Ive done a few cafe racers but nothing this serious. Plus Im really loving the style of the zero bikes thus the passion on wanting to build something like it. Plus I havent seen one out here where I live so being the first is also another reason! :D

When all is done I may just have a shop help me with this. Because Im still confused as hell when it comes to rake and trail. lol
 
#31 ·
Johnny - An experienced shop can bring the late springer safely to 0 degrees or +3. We do this all the time here. It does not even mess up the chrome.
While the raked cups are great they do not make them I think for the early XL frame.
I suggest changing the stem to +3 and calling it quits. Save the rake job for a big twin where you will get your money back when you sell it.
The reason the late springers look odd is that the springs are too long making the front leg spring perch ride too low. You could fix that but again its not worth the money.

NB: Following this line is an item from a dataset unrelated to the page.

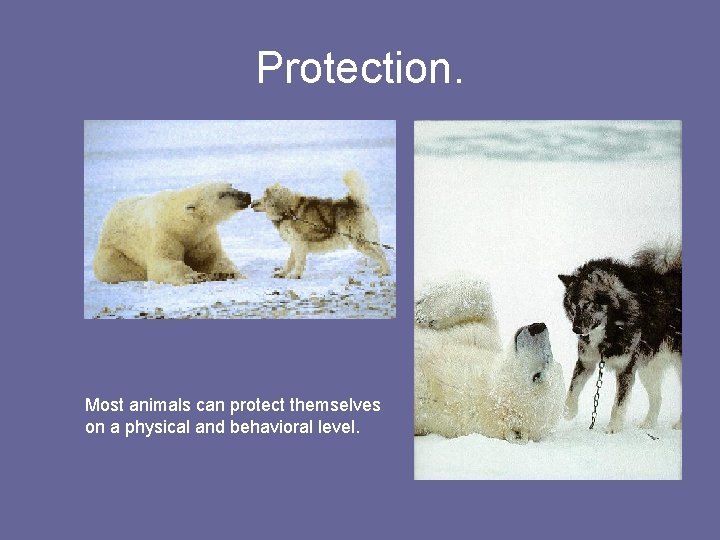 Protection. Most animals can protect themselves on a physical and behavioral level.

Just ditch the ugly shock absorber and it will be fine.
 
#33 ·
golly johnny looks like you might as well buy a frame to match the springer,sorry for planting this seed,but I was thinking how would I fix this and like counted sheep frames started to jump over the fence in my mind,it is a viable option
 
#35 ·
#34 · (Edited)
Johnny, you broke the ice for me. Here's my first try at including a picture. I'm not sure I'll get it right on the first attempt. The bike ain't nothing special, just an old shovel. The front end is off a FL softail. I made up a special axle and brake stay mount so I could run an old springer drum brake with a star hub. I haven't shaved the lower shock mount off this fork, but I do have another chrome front spring fork that I have shaved and it looks nice and clean.

Sorry about the pictures, or lack of pictures to be more accurate.

 
#41 ·
I cant see the pictures! Can you repost it?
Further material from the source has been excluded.